# Calculus Optimization Methods/Lagrange Multipliers

The method of Lagrange multipliers solves the constrained optimization problem by transforming it into a non-constrained optimization problem of the form:

• ${\displaystyle \operatorname {\mathcal {L}} (x_{1},x_{2},\ldots ,x_{n},\lambda )=\operatorname {f} (x_{1},x_{2},\ldots ,x_{n})+\operatorname {\lambda } (k-g(x_{1},x_{2},\ldots ,x_{n}))}$

Then finding the gradient and hessian as was done above will determine any optimum values of ${\displaystyle \operatorname {\mathcal {L}} (x_{1},x_{2},\ldots ,x_{n},\lambda )}$.

Suppose we now want to find optimum values for ${\displaystyle f(x,y)=2x^{2}+y^{2}}$ subject to ${\displaystyle x+y=1}$ from [2].

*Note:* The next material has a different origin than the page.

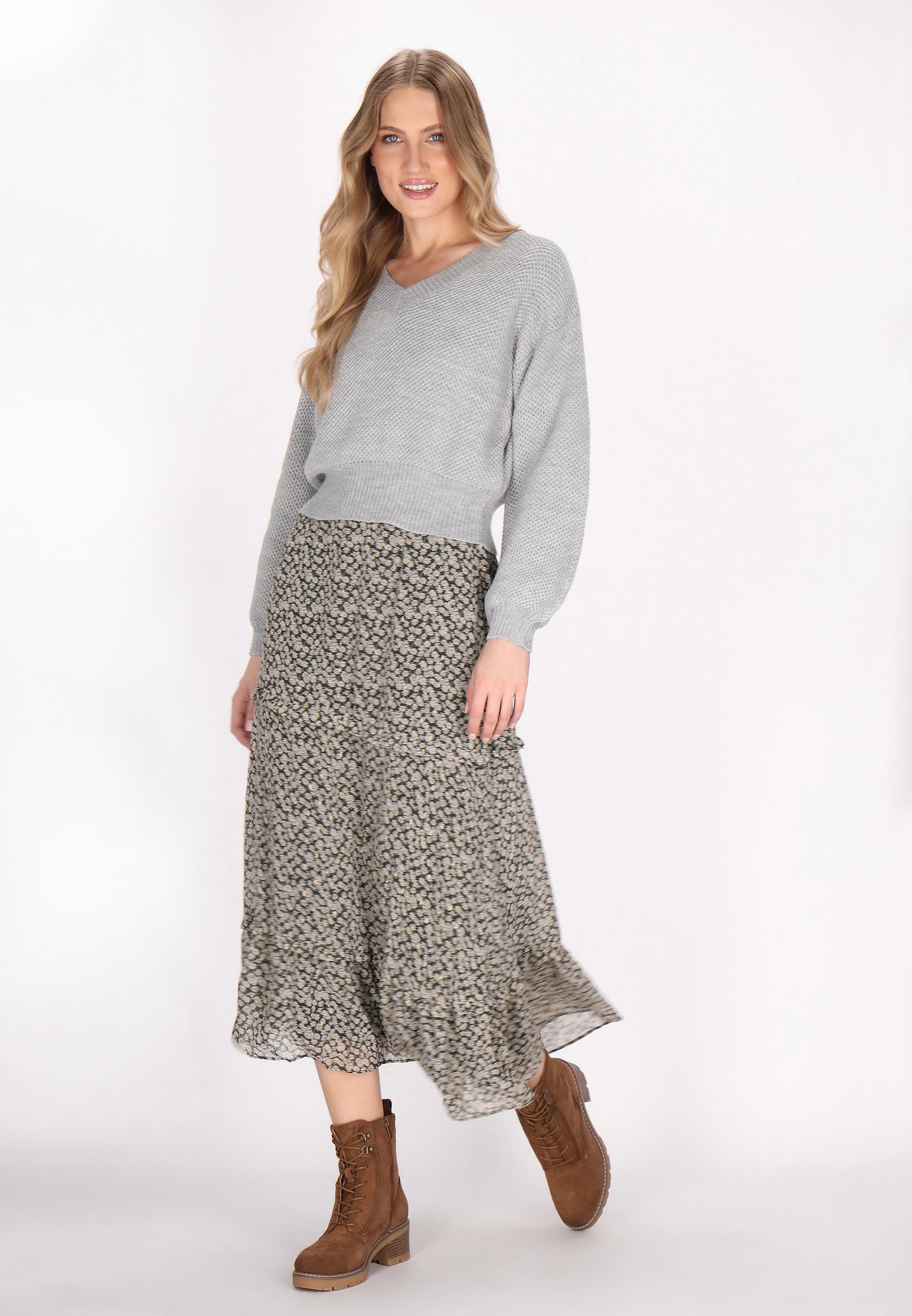 Sweter wkładany przez głowę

Then the Lagrangian method will result in a non-constrained function.

• ${\displaystyle \operatorname {\mathcal {L}} (x,y,\lambda )=2x^{2}+y^{2}+\lambda (1-x-y)}$

The gradient for this new function is

• ${\displaystyle {\frac {\partial {\mathcal {L}}}{\partial x}}(x,y,\lambda )=4x+\lambda (-1)=0}$
• ${\displaystyle {\frac {\partial {\mathcal {L}}}{\partial y}}(x,y,\lambda )=2y+\lambda (-1)=0}$
• ${\displaystyle {\frac {\partial {\mathcal {L}}}{\partial \lambda }}(x,y,\lambda )=1-x-y=0}$

Finding the stationary points of the above equations can be obtained from their matrix from.

${\displaystyle {\begin{bmatrix}4&0&-1\\0&2&-1\\-1&-1&0\end{bmatrix}}{\begin{bmatrix}x\\y\\\lambda \end{bmatrix}}={\begin{bmatrix}0\\0\\-1\end{bmatrix}}}$

This results in ${\displaystyle x=1/3,y=2/3,\lambda =4/3}$.

Next we can use the hessian as before to determine the type of this stationary point.

${\displaystyle H({\mathcal {L}})={\begin{bmatrix}4&0&-1\\0&2&-1\\-1&-1&0\end{bmatrix}}}$

Since ${\displaystyle H({\mathcal {L}})>0}$ then the solution ${\displaystyle (1/3,2/3,4/3)}$ minimizes ${\displaystyle f(x,y)=2x^{2}+y^{2}}$ subject to ${\displaystyle x+y=1}$ with ${\displaystyle f(x,y)=2/3}$.